The composite multi-degree-of-freedom vehicle, formed by placing a common object on the end-effector of two (or more) such mobile manipulator systems, possesses the ability to change its relative configuration as well as accommodate relative positioning errors of the mobile bases. However, closed kinematic loops are also formed constraining the relative motions of the overall system and requiring a careful treatment. We verify that creating an arbitrary composite cooperative system using an arbitrary number of mobile modules retains its mobility. We verify this by ensuring two requirements: (a) arbitrary desired end-effector motions can be accommodated within the feasible motion distributions of the articulation and the mobile bases, and (b) any developed motion-plans can be actively realized using only a set of restricted active motion-distributions.

Two variants of the control schemes developed for mobile manipulators are adapted for the control of the overall collaborating system of two mobile manipulators carrying a common object along a desired trajectory. The performance of both methods - the Leader-Follower approach and the Decentralized Control approach - is evaluated using virtual prototypes, to test various design and control system alternatives in software, prior to actual implementation on the experimental test-bed. Particular attention is paid to evaluate the ability of the overall collaborating system to accommodate, detect and correct for systematic and non-systematic errors in the relative positioning of the mobile platforms.

We also extended the control schemes to take into account of the dynamic (force) of the system. We introduce a dynamic control routine that allows the manipulator's end-effector and the mobile base to be independently controlled. We show a simultaneous position/force control method for the end-effector and show how the characteristic behavior can be designed. We also introduce a tracking/stabilization control routine for the nonholonomic mobile base that allows it to track moving trajectories as well as stationary points.

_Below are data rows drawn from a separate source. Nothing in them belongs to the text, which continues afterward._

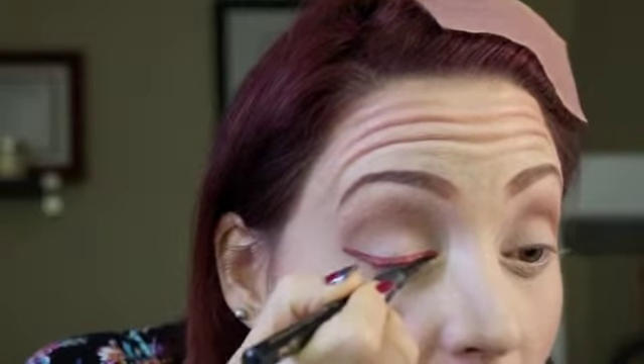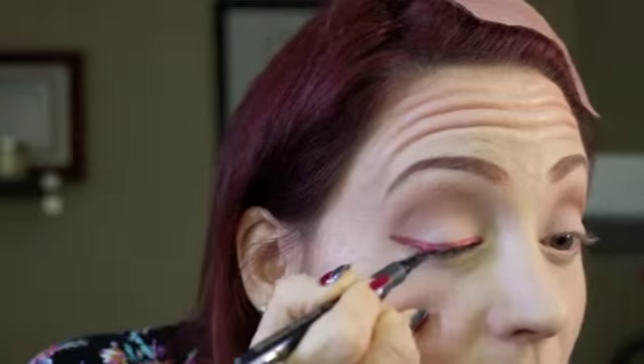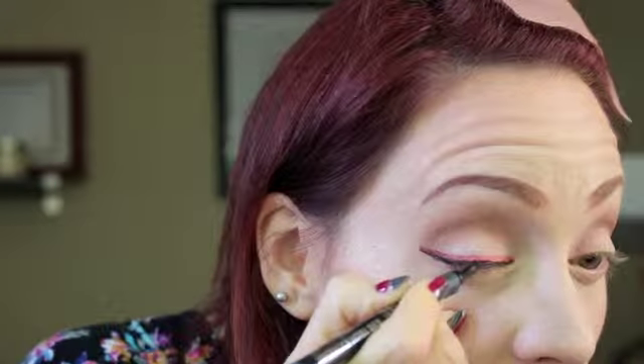Once I let it dry, I'm going to add black eyeliner. This is a Milani Eye Tech Extreme Liquid Liner in black, and you're going to put a thinner line along your lash line right over the color you added. That's breaking it up so it's not just the color liner — although you could do that too, just add the color. Just go ahead and add a black, relatively thin line in relation to that colored liner.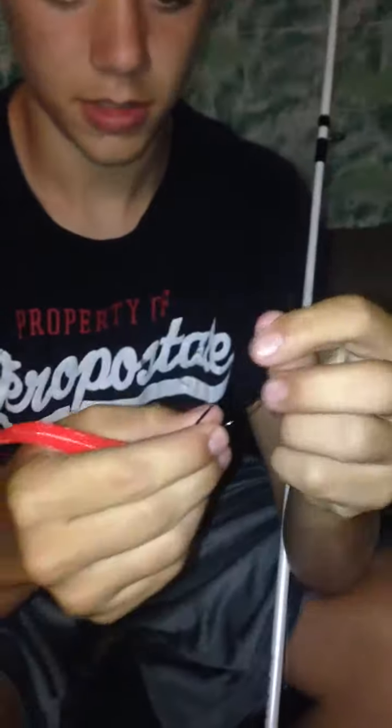So what you're going to do is take the very end of the worm and put it straight through the hook. And then stop when you get to where the hook starts to bend. And then just pull the hook through. And then pull the worm all the way up to the very top of the hook.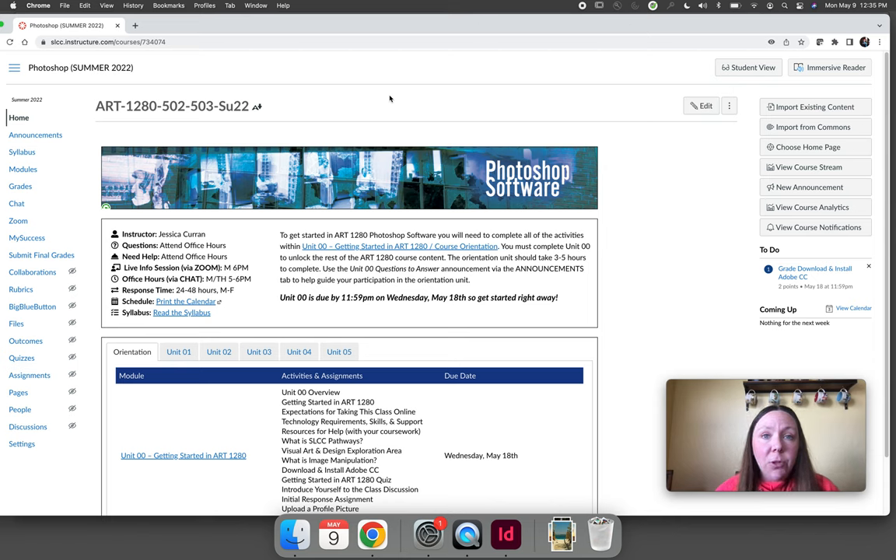Welcome to Art1280 Photoshop software for the summer 2022 semester. My name is Professor Curran and I will be your instructor this summer. My goal in recording this video is to introduce you to me and who I am as an instructor, but more importantly I would like to talk about what it means to take Art1280 Photoshop software in the summer and all the things that you need to do in order to get started successfully.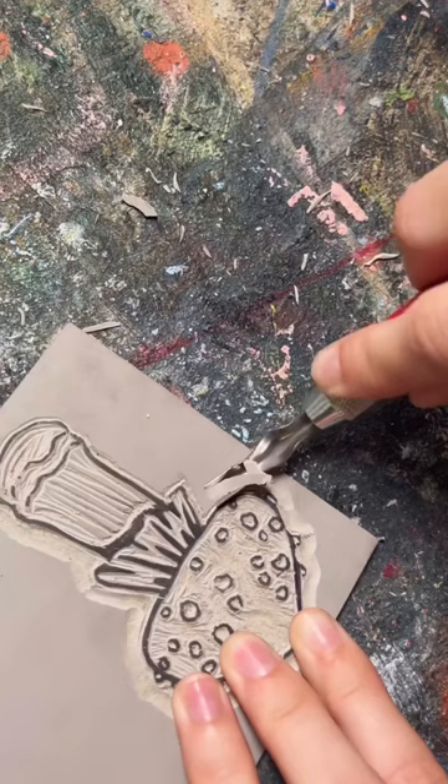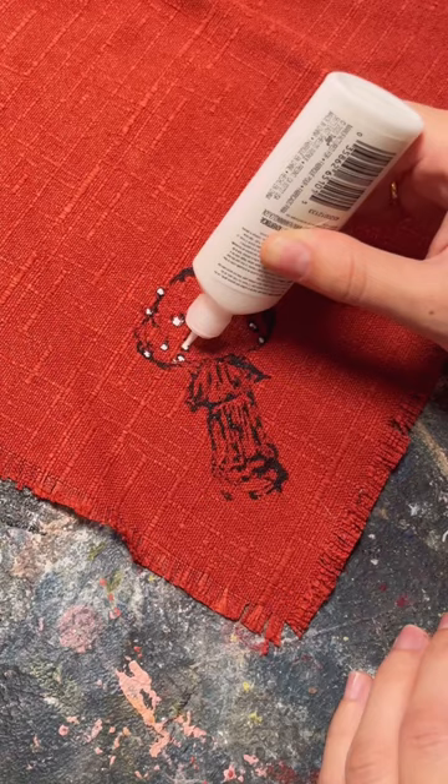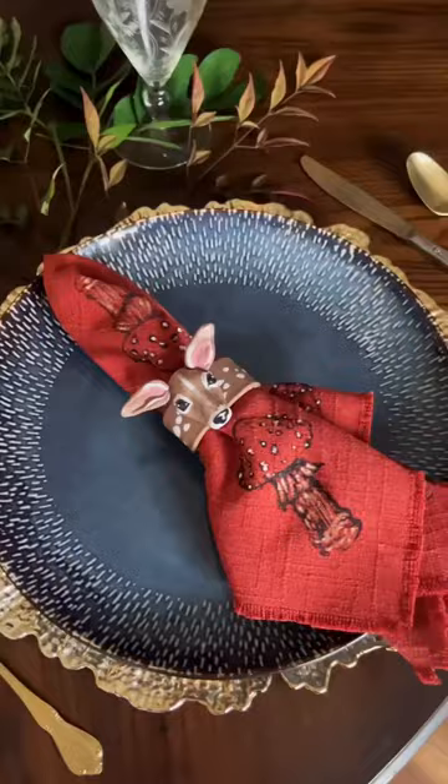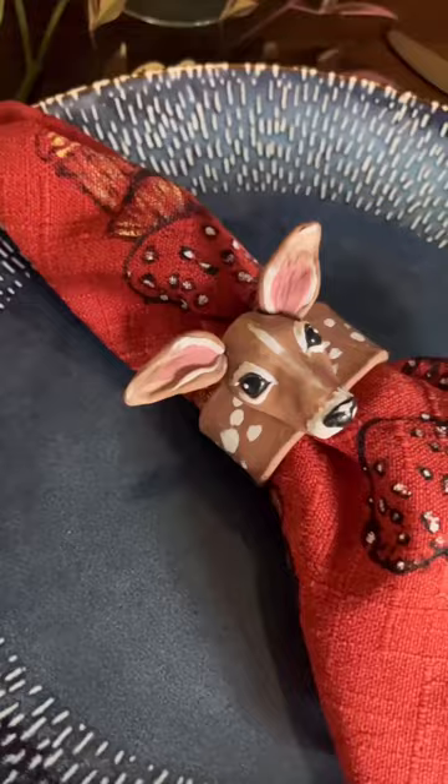I don't have a roller or ink, so I just dipped it in acrylic paint — and we're going to pretend that's why it turned out kind of chunky. I do still think it has a rustic feel which I like, and I used it to stamp this napkin for a woodland holiday tablescape. I'm excited to try it again though. What do you think I should make next?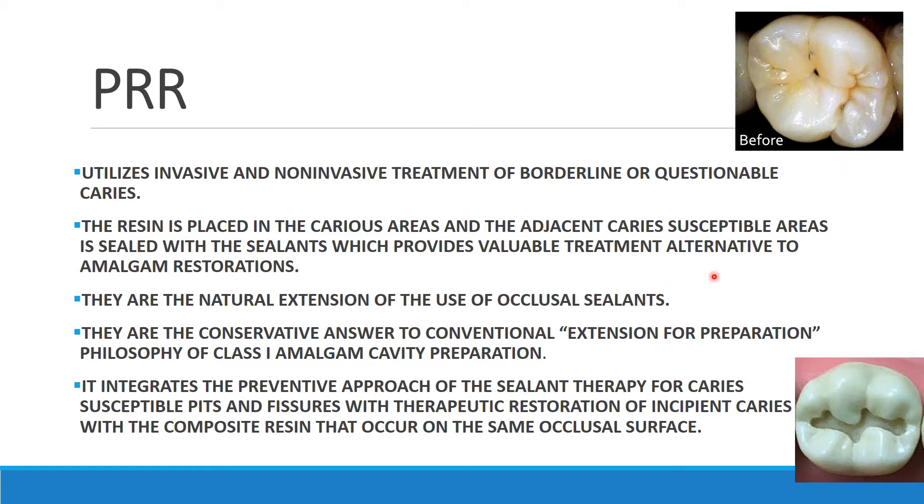PRR is an alternative to amalgam restorations, known as a natural extension of the use of occlusal sealants. It is the conservative answer to the conventional 'extension for prevention' preparation used in amalgam, where we extend the cavity to get proper retention and resistance form. PRR integrates the preventive approach of sealant therapy for caries-susceptible pits and fissures with therapeutic restoration of the incipient caries.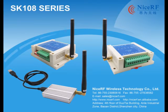Today I would like to show you how to use SK108S to set the parameters of SK108 wireless remote control switches.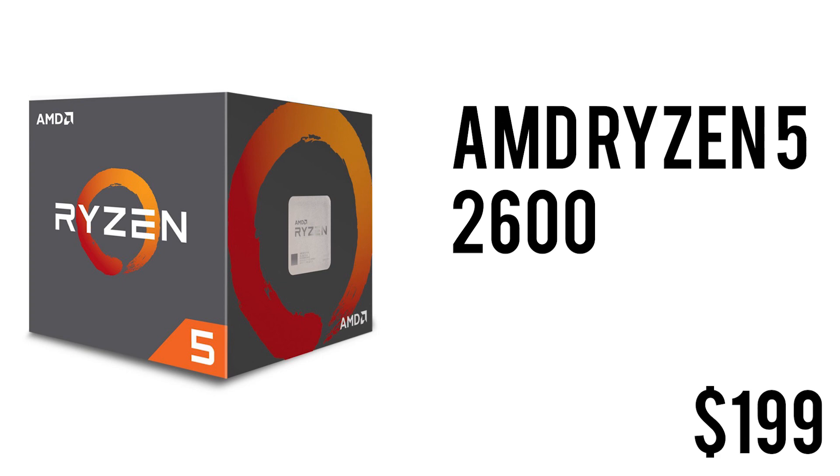For the CPU we have the AMD Ryzen 5 2600. It's a $199 CPU with 6 cores and 12 threads, so it's a beast in multi-threaded performance. It is unlocked so you can overclock it and get some extra performance out of it. It has XFR2 and Precision Boost 2, clocked at 3.4 GHz base and can go up to 3.9 GHz on boost. It has 19 MB of cache and comes with its own cooler — it's a really good CPU for $199.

 Research Issue - Interactions between Cooperative Modules:

 The nature of individual modules and their interactions can effectively affect the overall cooperative system performance. We examine this aspect in the context of cooperative payload transport by robot collectives wherein the physical nature of the interactions between the various modules creates a tight coupling within the system. In this work, we leverage the rich theoretical background of analysis of constrained mechanical systems to provide a systematic framework for formulation and evaluation of system-level performance on the basis of the individual-module characteristics. The composite multi-degree-of-freedom wheeled vehicle, formed by supporting a common payload on the end-effectors of multiple individual mobile manipulator modules, is treated as an in-parallel mechanical system with articulated serial-chain arms. The system-level model, constructed from the twist- and wrench-based models of the attached serial chains, can be systematically analyzed for performance in terms of mobility and disturbance rejection with the effect of selections of different actuation schemes (active, passive or locked).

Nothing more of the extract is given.